SeaweedFS assumes there are many SeaweedFS volumes. Data placement, replication, collection, disk type, S3 buckets, TTL, CSI mount, etc, are all based on volumes. So if the error is no free volumes left
, please add more volumes.
Specifically,
- A different replication would need a different set of volumes.
- A different collection would need a different set of volumes.
- A different TTL would need a different set of volumes.
- A different disk type would need a different set of volumes.
- A different S3 bucket is mapped to a collection, would need a different set of volumes.
- A CSI mount is automatically mapped to a bucket, which needs a few volumes.
The default volume size is 30GB, and default to 8 volumes. Very likely you would need to customize a bit. Either through reducing the volume size in weed master -volumeSizeLimitMB=xxx
, or increasing the weed volume -max=xxx
value.
-volumePreallocate
will preallocate disk spaces to volumes. These disk spaces are "taken" by the assigned volume, and could not be used by other volumes, even though the "df" command would report them as "free" if the volumes are not full.
SeaweedFS also assumes there is a default disk type, which is either empty or "hdd"
. If all your disk type is "ssd"
, you should leave the disk type as empty since the disk type basically is just a tag to group the volumes.
How do I pre-allocate one or more volumes?
To pre-allocate volumes, send a request to the Master server. For example:
# To create more volumes in a given data center
curl "http://localhost:9333/vol/grow?dataCenter=000&count=4" # returns {"count":4}
# To create more volumes on a given rack
curl "http://localhost:9333/vol/grow?rack=example-rack&count=4" # returns {"count":4}
# To create more volumes on a given volume server
curl "http://localhost:9333/vol/grow?dataNode=example-node&count=4" # returns {"count":4}
See the Master Server API documentation for full details (and more ways to choose replication).
How to access the server dashboard?
SeaweedFS has web dashboards for its different services:
- Master server dashboards can be accessed on
http://hostname:port
in a web browser.

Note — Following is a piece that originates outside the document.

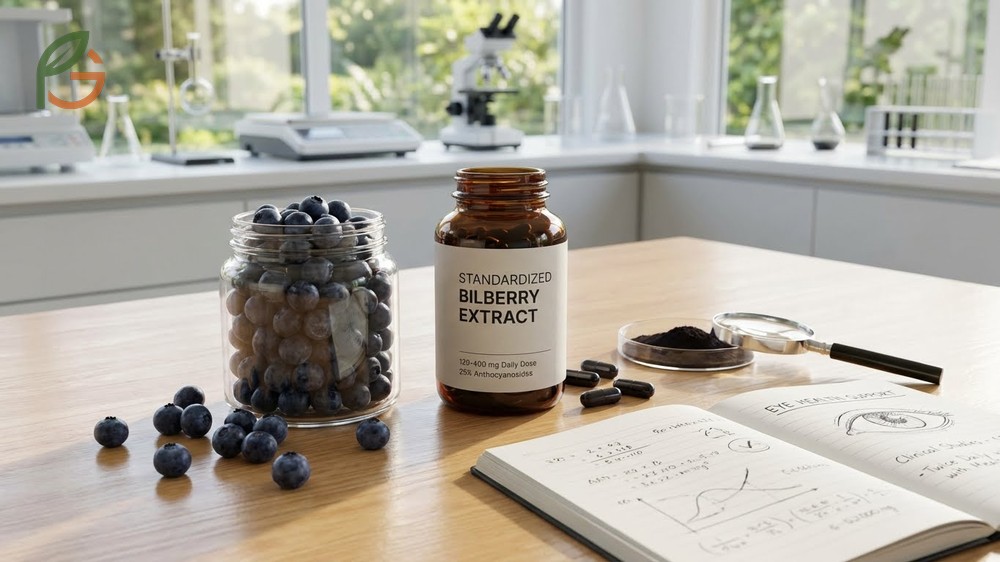 Bilberry dosage for eyes recommendation suggests 120 to 400 mg of standardized extract daily for results.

For example:http://localhost:9333
. - Volume server dashboards can be accessed on
http://hostname:port/ui/index.html
. For example:http://localhost:8080/ui/index.html
Also see #275.
Does it support xxx language?
If using weed filer
, just send one HTTP POST to write, or one HTTP GET to read.
If using SeaweedFS for block storage, you may try to reuse some existing libraries.

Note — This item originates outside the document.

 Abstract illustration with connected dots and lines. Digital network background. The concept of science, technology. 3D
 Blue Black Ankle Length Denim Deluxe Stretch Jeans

The internal management APIs are in gRPC. You can generate the language bindings for your own purpose.
Does it support FUSE?
Yes.
My data is safe? What about bit-rot protection? Is there any encryption?
-
SSD friendly: SeaweedFS data is all append-only and create less stress to the disks, especially SSDs with a limited number of write cycles. SeaweedFS can maximumly reduce writes to the same SSD cell, thus increase its lifespan.
-
Bitrot Protection: Entries on volume servers are CRC checked for any possible changes on server side and accessible via Etag. For Filer and S3 APIs, the files can also be checked via MD5 Etag by clients.
-
Replication: Each file can have its own replication strategy. Erasure encoding not only saves space, but also can tolerate loss of 4 shards of data.
-
Encryption: Filer can run in AES256 encryption mode, with the encryption keys stored in filer meta data store. So the volume server can safely run anywhere, remote or on cloud. See Filer Data Encryption
-
Secure Connection: Between all the components, i.e., master, volume server, filer, and clients, SSL/TLS can be enabled for all the communications. JWT can be enabled to securely allow any client to upload data to volume servers. See Security Overview
-
Access Control: For Amazon S3 API, the credentials can be checked and access control can be enforced.

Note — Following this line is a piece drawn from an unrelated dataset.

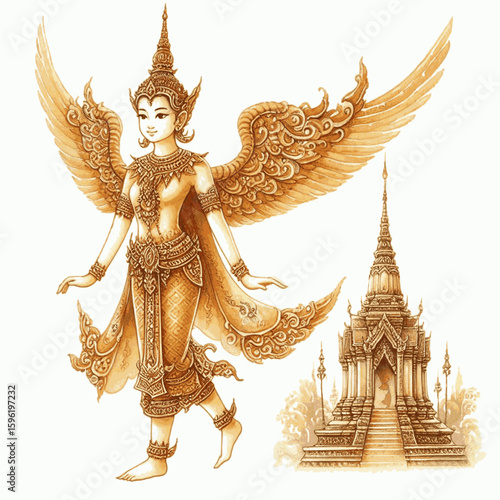 Misty Devata: Thai angels isolated watercolor vector illustration svg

How is it optimized for small files? How small is small files?
Optimization for small files is actually optimization for large amount of files. The file size does not matter.
Filer server would automatically chunk the files if necessary.
Does it support large files, e.g., 500M ~ 10G?
Large file will be automatically split into chunks, in weed filer
, weed mount
, weed filer.copy
, etc, with options to set the chunk size.
TB level files also work. The meta data size is linear to the number of file chunks. So keep the file chunk size larger will reduce the meta data size.
Another level of indirection can be added later for unlimited file size. Let me know if you are interested.
How many volumes to configure for one volume server?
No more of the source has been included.